Ahora mismo, está de moda lo ecléctico, la mezcla de todo. Ya no todo se tiene que poner igual o se tiene que llevar igual, lo bonito de hoy en día es que mezclamos: desde un mueble de mi abuela con un mueble moderno, con una pintura clásica con una pintura moderna… Están también muy de moda los colores, la mezcla de materiales… Estuve en Casa Decor recientemente y la verdad es que cuanto más mezclas, más bonito: poner flores, con cuadros, rayas, amarillos, queda muy bien, aunque siempre depende de gustos.

Una de tus pasiones es viajar, ¿se nota después en tus proyectos?

Sí. Una de las cosas que más me gustan es viajar y conocer mundo.
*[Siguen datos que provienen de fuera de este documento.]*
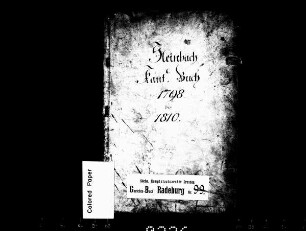 Gerichtshandelsbuch von Steinbach (bei Radeburg), Bd. 3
Me encanta compartir, conocer gente. Es verdad que he tenido muchas oportunidades y he estado en casi todos los continentes y he compartido mucho. Pero sí, cuando viajo me fijo en cada detalle, me encanta ir a las tiendas, hoteles, parques y en la calle… observar. Pero sobre todo disfruto con las vivencias personales con la gente del lugar.

¿Crees que grandes superficies como Ikea están perjudicando al diseño o decoración tradicional?

En el mercado, todos tenemos cabida. Yo admiro a Ikea, de la nada ha creado un gran imperio y está muy bien sectorizado, sabe a qué mercado de cliente va, a quién tiene que vender y lo hace muy bien. Es un sitio que me gusta.

Cuando alguien crea un negocio tiene que pensar a qué cliente va, a quién se dirige, qué quiere vender

y de eso de Ikea se puede aprender. Sí que es verdad que quizás al pequeño empresario sí que nos afecta en cierta medida, pero yo personalmente me encantaría tenerlo aquí al lado porque seguramente lo que el cliente no encontrase allí vendría a mi tienda a buscarlo. Pienso que Ikea es bueno, siempre que podamos convivir.

Además del sector de la decoración, la familia se ha dedicado siempre al de los juguetes. ¿Cómo lo compagináis?

Juguettos es una cooperativa que creó mi padre, aunque él hace años que se jubiló y esta sección la llevan más mi hermana y su marido. Actualmente la cooperativa está formada por 160 tiendas en toda España. Es una empresa espectacular en el mundo del juguete en España, una de las mejores posicionadas. Además,

casi todo se diseña aquí en España y buena parte en Gandia y fabricamos en diferentes partes del mundo.

Lo que se hizo fue crear una marca blanca, Juguettos, además de ofrecer productos de todo el mundo. En este sector nunca se notó la crisis, si en el mueble se bajó un 60 o 80% en el juguete sólo bajó un 1 o 2%. Se ve que la gente siempre hace el esfuerzo por los niños. La verdad es que tiene mucho mérito, que mi padre y un grupo de amigos comenzó esta cooperativa que ahora diseña aquí y cuenta con una oficina en Hong Kong que se encarga de la fabricación, embalajes y distribución a España.

Y tanto en un sector como en otro la innovación es esencial ¿no es así?

Es súper importante.

Lo más importante es invertir en tiempo e innovación.

En el sector del mueble venimos de una época muy mala porque casi no ha habido feedback pero es muy importante, sobre todo adaptarse a los cambios. Cuando no va bien una cosa se ha de llegar a tiempo y cambiar.

¿Y el próximo salto será las nuevas tecnologías?

Sí, estamos en ello. El 40% de mi trabajo llega a través de mi página web anapastorproyectos.com. Este año también es el primero que vendemos Juguettos online y hemos batido todos los récords en la época de Navidad. Y ahora ya estamos trabajando en la web de Casa Pastor. Cuesta, porque al principio lleva mucho trabajo. Las tendencias están cambiando aunque sí que es verdad que al final el cliente necesita ir a ver el producto y tocarlo. Aunque cada vez tendemos a comprar por internet, todavía hoy en día hay una cosa muy importante el servicio, cosa que en internet no lo puedes dar, por ejemplo de transporte y montaje.

¿Por último, en algún momento te ha afectado ser mujer para realizar tu trabajo?

No, porque siempre he sabido moverme. He trabajado en un mundo de hombres y he sentido las dos cosas:

que me han protegido y que han intentado atacarme,

pero gracias a mi carácter, aunque soy bastante dialogante, pero siempre he sabido ponerme en mi sitio y no puedo decir que me haya sentido discriminada.